> [ACTIVITY]: For this exercise, retype the lines from the one that holds "Hello everyone, my" through the one that holds "Now, a third" in the records below, both included, exactly and without pictures.

*** Opening of DATA EXTRACT ***

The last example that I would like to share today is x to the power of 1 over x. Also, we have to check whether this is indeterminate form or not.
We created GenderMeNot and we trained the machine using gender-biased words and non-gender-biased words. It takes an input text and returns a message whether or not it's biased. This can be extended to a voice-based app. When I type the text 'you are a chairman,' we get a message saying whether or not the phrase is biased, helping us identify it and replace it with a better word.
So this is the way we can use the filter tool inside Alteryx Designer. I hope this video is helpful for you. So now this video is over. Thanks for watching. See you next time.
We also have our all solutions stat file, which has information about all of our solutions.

*** Close of DATA EXTRACT ***
*** Opening of DATA EXTRACT ***

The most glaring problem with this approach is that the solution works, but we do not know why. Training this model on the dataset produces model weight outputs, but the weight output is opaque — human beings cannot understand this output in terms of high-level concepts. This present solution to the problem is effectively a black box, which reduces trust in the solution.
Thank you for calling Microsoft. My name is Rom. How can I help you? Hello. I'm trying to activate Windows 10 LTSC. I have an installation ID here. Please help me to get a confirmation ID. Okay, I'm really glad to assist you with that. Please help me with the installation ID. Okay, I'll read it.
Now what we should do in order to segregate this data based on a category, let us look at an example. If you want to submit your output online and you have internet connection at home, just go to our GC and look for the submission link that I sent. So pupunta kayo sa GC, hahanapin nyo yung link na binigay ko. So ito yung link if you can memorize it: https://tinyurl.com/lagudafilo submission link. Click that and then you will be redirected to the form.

*** Close of DATA EXTRACT ***
*** Opening of DATA EXTRACT ***

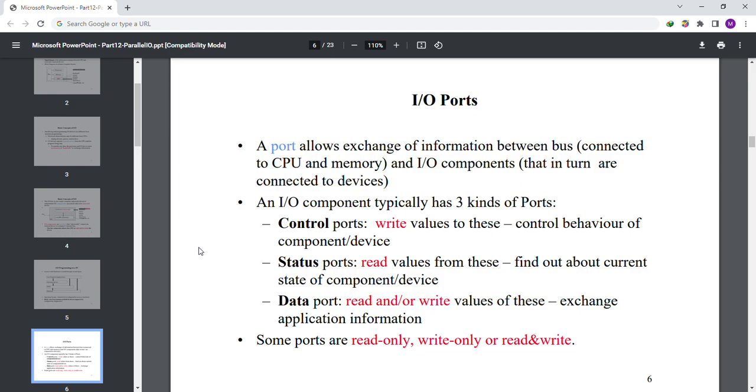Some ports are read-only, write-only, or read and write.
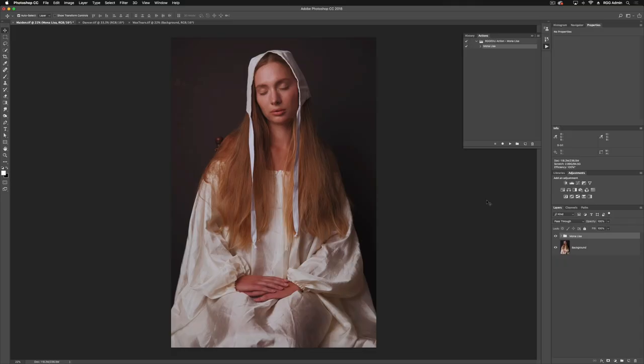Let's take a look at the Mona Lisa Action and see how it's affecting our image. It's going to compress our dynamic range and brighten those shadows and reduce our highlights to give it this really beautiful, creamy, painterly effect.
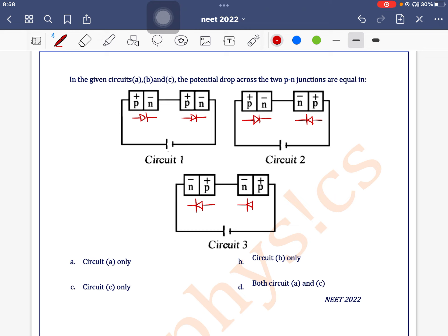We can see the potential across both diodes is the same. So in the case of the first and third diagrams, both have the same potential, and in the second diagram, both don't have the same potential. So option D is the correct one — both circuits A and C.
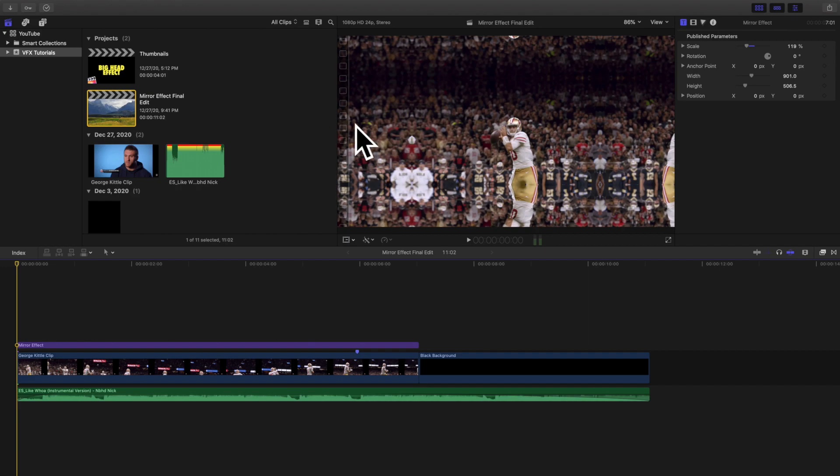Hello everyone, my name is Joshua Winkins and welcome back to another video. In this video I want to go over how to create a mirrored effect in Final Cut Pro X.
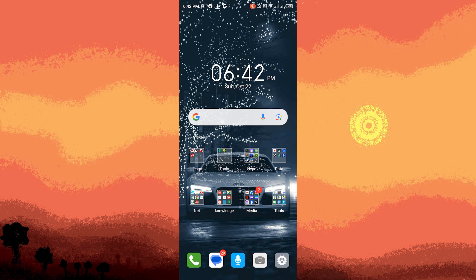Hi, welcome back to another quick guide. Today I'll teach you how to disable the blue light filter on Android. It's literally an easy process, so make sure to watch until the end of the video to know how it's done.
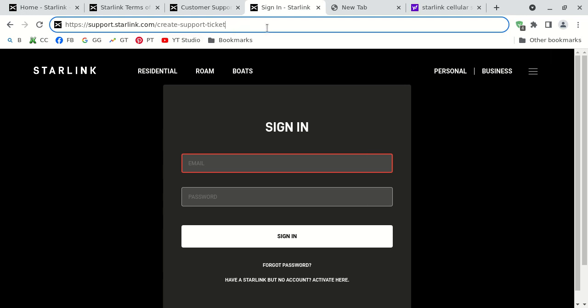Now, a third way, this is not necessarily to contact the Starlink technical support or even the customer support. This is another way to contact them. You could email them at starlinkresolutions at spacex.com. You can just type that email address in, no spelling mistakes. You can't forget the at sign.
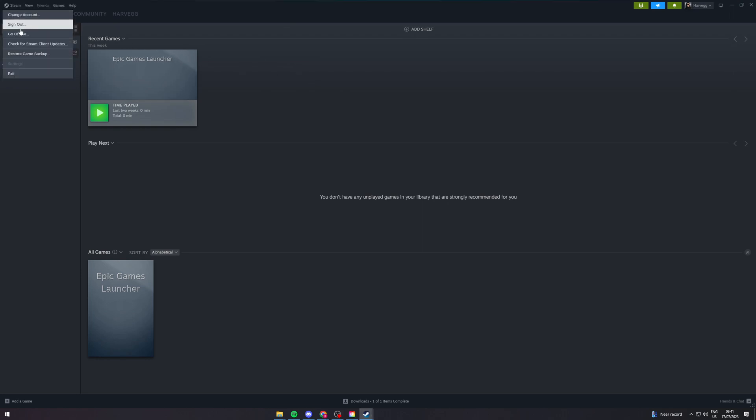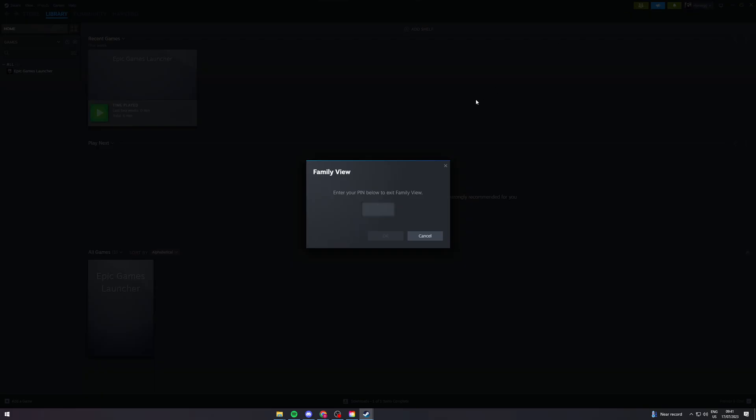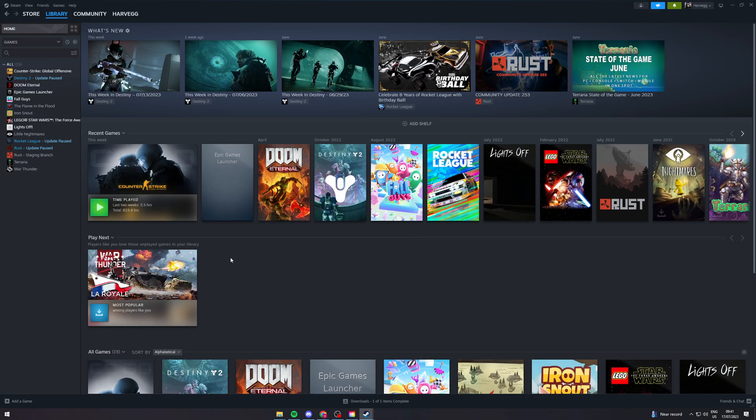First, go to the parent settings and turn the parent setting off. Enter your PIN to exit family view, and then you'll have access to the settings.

*** Close of DATA EXTRACT ***

> [RESPONSE AREA]:
Hello everyone, my name is Joshua Winkins and welcome back to another video. In this video I want to go over how to create a mirrored effect in Final Cut Pro X.
Hi, welcome back to another quick guide. Today I'll teach you how to disable the blue light filter on Android. It's literally an easy process, so make sure to watch until the end of the video to know how it's done.
Now, a third way, this is not necessarily to contact the Starlink technical support or even the customer support. This is another way to contact them. You could email them at starlinkresolutions at spacex.com. You can just type that email address in, no spelling mistakes. You can't forget the at sign.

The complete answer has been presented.